On the weekends, I pretty much live in glorified loungewear… sweatshirts and/or fleece jackets (most of these come from college bookstores), solid-colored tees or the occasional anime tee shirt (from UNIQLO and various shops in Japantown), leggings and/or other soft pants (from UNIQLO mostly), and UGGS or various slippers with hard soles that can be worn outdoors. 

For bedtime, definitely invest in some nice sleepwear… homes in warmer climates tend to be poorly insulated, so winters can feel slighly harsher than they actually are at night. I also like robes (my favorite was a fluffy blanket robe from Costco!)

Post # 10
448 posts
Helper bee

As a Midwesterner who’s now living in New England but did a year in Virginia, I am experienced at winter, lol. Even in the southern U.S. you’ll probably need gloves, hats, and scarves. You’ll spend a lot of time in them so it’s worth investing in good ones that you actually like. Don’t necessarily go for heavy-duty snowboots, but look for a sturdy all-around boot that is waterproof and has good treads. Freezing rain is no joke and that was the bigger issue in Virginia, where there was virtually no snow accumulation.

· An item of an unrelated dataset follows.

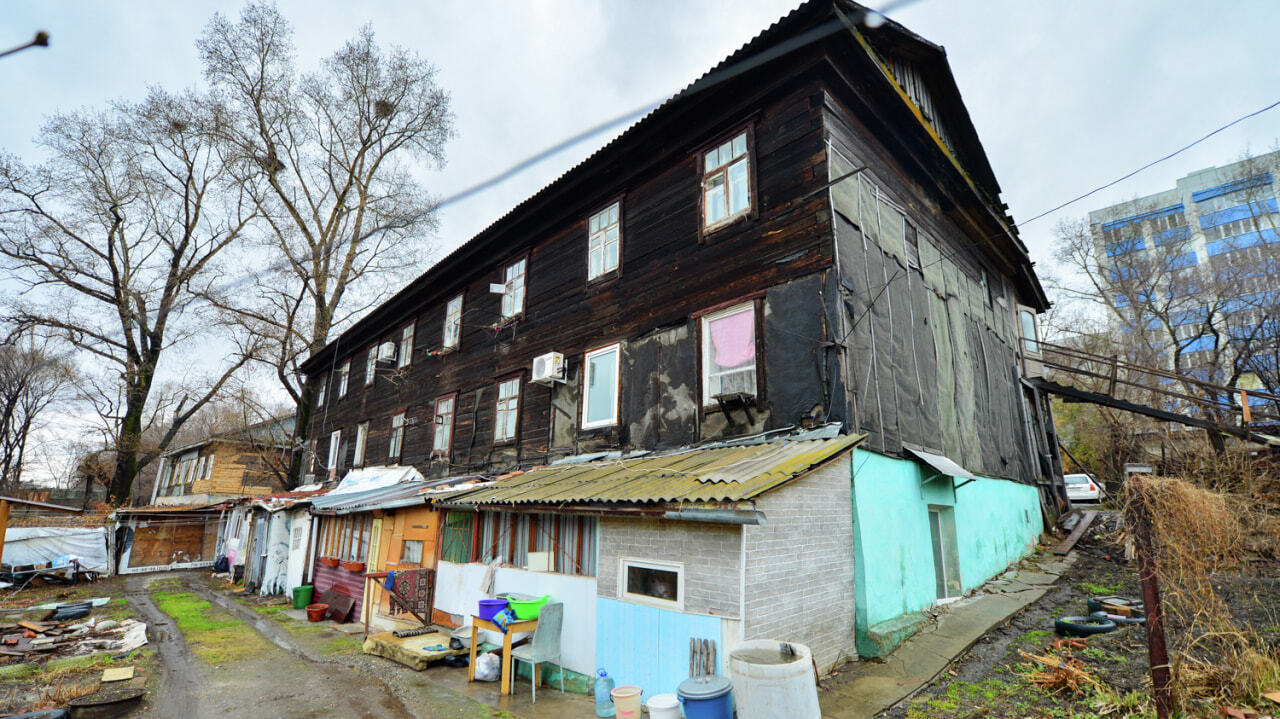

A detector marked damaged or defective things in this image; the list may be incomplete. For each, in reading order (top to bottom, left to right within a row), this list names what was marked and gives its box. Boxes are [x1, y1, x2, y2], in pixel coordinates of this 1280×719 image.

broken corrugated sheet [444, 434, 864, 506]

Another very annoying problem in winters is that buildings tend to be way overheated. So you need heavy outerwear, for outside, but you need to be able to shed layers in case your building is heated to 80. I work in a more casual environment but I’ll wear either a short or long-sleeved shirt under a sweater, under my coat. Many days I end up just wearing the first layer inside, but lined cardigans and heavy blazers are your friends. I love sweater tights and legwarmers for underneath skirts, and on very cold days I wear leggings or long-johns under my pants.

If you find yourself not tolerating the cold well at night, I also recommend flannel sheets or an electric blanket!

Post # 11
899 posts
Busy bee
  • Wedding: August 2017

You won’t be moving to a very cold part at all. 

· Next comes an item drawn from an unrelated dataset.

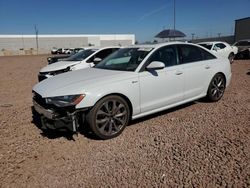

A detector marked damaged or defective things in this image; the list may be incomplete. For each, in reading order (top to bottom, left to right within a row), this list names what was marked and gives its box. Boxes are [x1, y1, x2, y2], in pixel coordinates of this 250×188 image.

damaged front bumper [32, 100, 87, 132]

Leggings, warm fuzzy socks, scarves, a thick sweater, and cute hat (for the wind) should do. 

Post # 12
103 posts
Blushing bee
  • Wedding: April 2016

drink vitamin,,, 

warm socks, sweater… etc

Post # 13
664 posts
Busy bee

I wear this 8 months out of the year: de feet wooley booley or smart wool socks, waterproof dress boots (a lot of companies are making waterproof dress boots with traction soles and sealed seams), leggings, long sleeved dress/long shirt and an infinity scarf. I find dress slacks to be too breezy with dress shoes and the pants soak rain and snow and ice, which then transfers to my shoes and my feet get cold. Depending on the day, I’ll layer with a base layer tank underneath (check out icebreaker if you can wear merino wool) the dress and a wool or fleece jacket on top (I have an awesome Patagonia fleece jacket that looks like a dress coat). To go outside, I’ll add my wool peacoat. Also, I really like lululemon for winter accessories because they think of the little things like their hats have a slit for your pony tail. Best advice I got: start with the necessities then purchase items as needed/wanted. 

Post # 14
894 posts
Busy bee

Winter staples to me include a good neutral black coat, a stand-out coat (maybe pop of color or fancy), black boots, an elegant sweater that can be layered with vests or alone, a knit dress, and scarves.